THE ALISON HALFORD affair could not have exploded at a worse time for a police service already on its knees from a succession of miscarriages of justice, shattered public confidence and rising crime rates.

Accusations of drunkenness, misogyny and tales of senior officers eating potatoes with their fingers appeared to confirm the worst public suspicions that sections of the service are brutish and sexist. At a time when the police most need intelligent, bright recruits, the affair may have deterred many.

Support for Miss Halford is thus tempered by a realisation of the long-term damage it might have wrought. 'It has not improved the image of the police and for that reason I wonder whether it has not ultimately damaged the cause of equal opportunities,' a senior woman police officer said.

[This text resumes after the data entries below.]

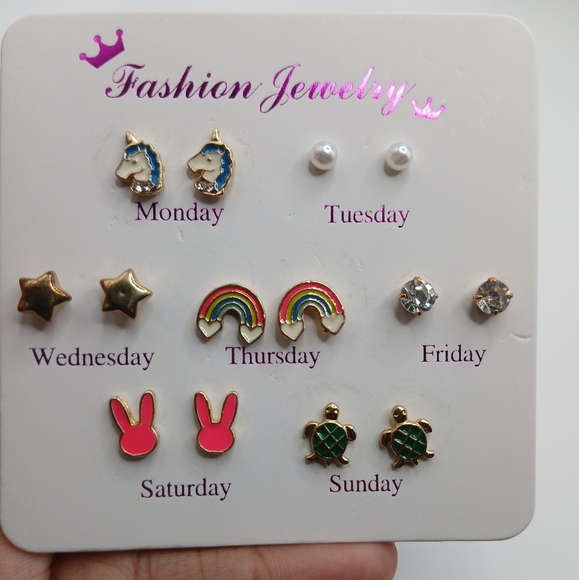 Days of the Week Earring Set for Girls (Unicorn, Stars and Bunnies Variety) - Picture 3 of 4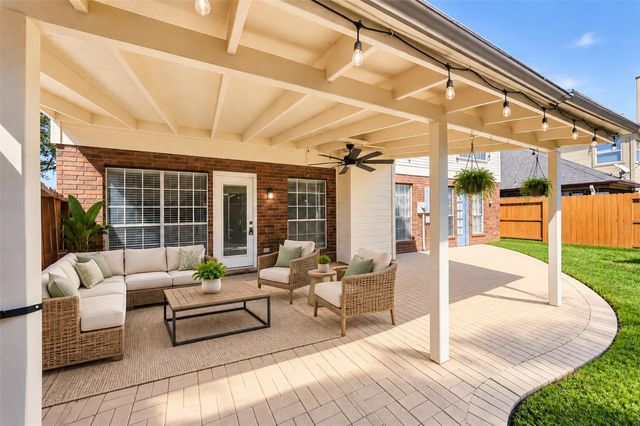 10215 Minturn Lane, Houston, TX 77064
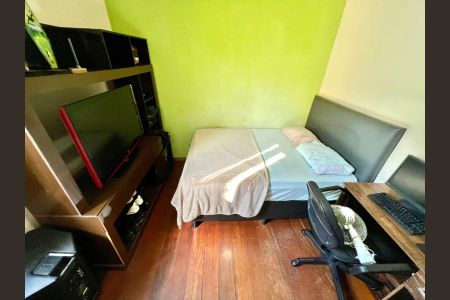 Apartamento à venda com 70m², 3 quartos e 1 vagaQuarto 2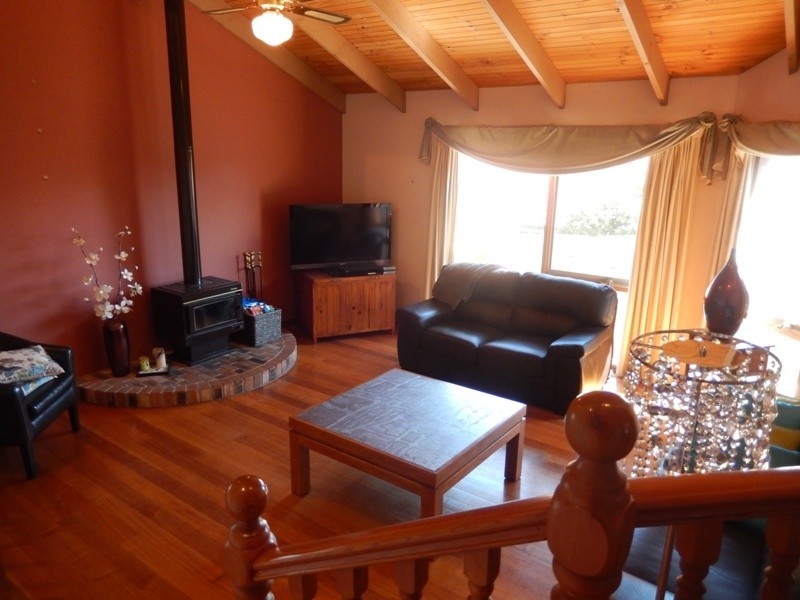 7 Settlers Hill Rise, Pakenham VIC 3810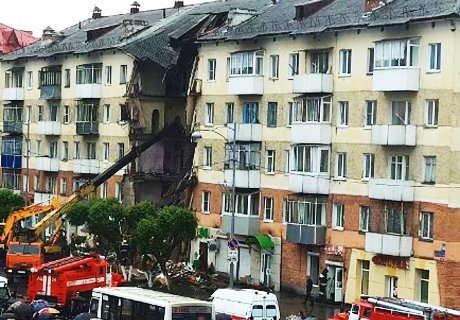 При обрушении дома в Междуреченске четверо погибших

Like many, she preferred to remain anonymous since, instinctively, the police service does not approve of those who speak out - women officers now desperately fear the tag of being 'another Halford'. One who is keeping a low profile is Chief Superintendent Pauline Clare - also of Merseyside police - who is currently on her senior command course at the Police Staff College, Bramshill, the six-month passport to the highest ranks for the chosen.

Women make up only about 2 per cent of the annual intake of all courses at Bramshill. Susan Davies, the Assistant Commandant at Bramshill and one of only four women in the senior ranks - until yesterday, Miss Halford was the fifth - believes the numbers are 'much too low'.

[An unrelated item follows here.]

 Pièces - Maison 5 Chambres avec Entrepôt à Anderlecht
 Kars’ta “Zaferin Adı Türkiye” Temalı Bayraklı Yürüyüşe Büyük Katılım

She is optimistic they will increase if the right conditions can be created among the high proportion of women in the lower ranks. The recent announcement of part-time working experiments is a step along the road.

According to the Home Office, the total number of women officers has risen from 11,308, about 9 per cent of the force, in 1985, to a current figure of 15,400 or 12 per cent. While the number of women at superintendent and chief superintendent level has barely increased in the last five years, remaining at 1.3 and 1.7 per cent of the total, the number of women constables has risen from 12.5 to 14 per cent. Fourteen forces have no women above the rank of inspector.

Acknowledging there are still individuals who behave in a sexist fashion, both deliberately and unconsciously, Mrs Davies believes the police only reflect a male-dominated society, but adds: 'Warts and all, we are trying our best.' Would there be a woman chief constable before the end of the decade? 'I have no doubt there will be eventually, but I am not sure whether eight years is too short.'

That prediction does not offer much hope for the careers of either Mrs Davies or her colleagues Elizabeth Neville, an assistant chief constable of Sussex, Erica Norton, an assistant chief constable of Leicestershire, and Sally Hubbard, a Metropolitan Police commander working for the Inspectorate of Constabulary.

All are recent appointments and there are several others, such as Chief Supt Clare, likely to follow. But the critical point will not come for a couple of years, when all three would expect to be ready for deputy chief constable posts.

The problem remains whether they will meet the same obstacles Miss Halford claims she encountered from chief constables, police authorities and the Inspectorate of Constabulary. It was this close-knit cabal, interconnected by committee and positions of powers, that she accused of what amounted to a sexist conspiracy against her.

'There are still an awful lot of dinosaurs in our ranks,' the deputy chief constable of a large urban force, who also preferred to remain anonymous, said. Only about one-third of the 43 forces in England and Wales, he estimated, were led by the kind of men who would not be either unconsciously or deliberately sexist. 'Change is coming slowly, but I wonder how long it will be before it reaches some of the more rural northern forces.'

Unsympathetic, male-dominated police authorities are unlikely to disappear entirely. The reforms of the Inspectorate of Constabulary by Sir John Woodcock - who has been instrumental in promoting change - are still incomplete and the 'old guard' dominate.

Nevertheless, the Halford affair has given added impetus to the reformers. Without her personal demonstration, it is unlikely that the numbers of female officers alleging discrimination would have gone from 14 in 1990 to 92 so far this year. Neither would Bramshill have recently hosted a week-long European conference on equal opportunities in the police at which Bill Skitt, Chief Constable of Hertfordshire and chairman of the Association of Chief Police Officers' equal opportunities committee, felt able to read out a list of examples of sexual discrimination in the British police.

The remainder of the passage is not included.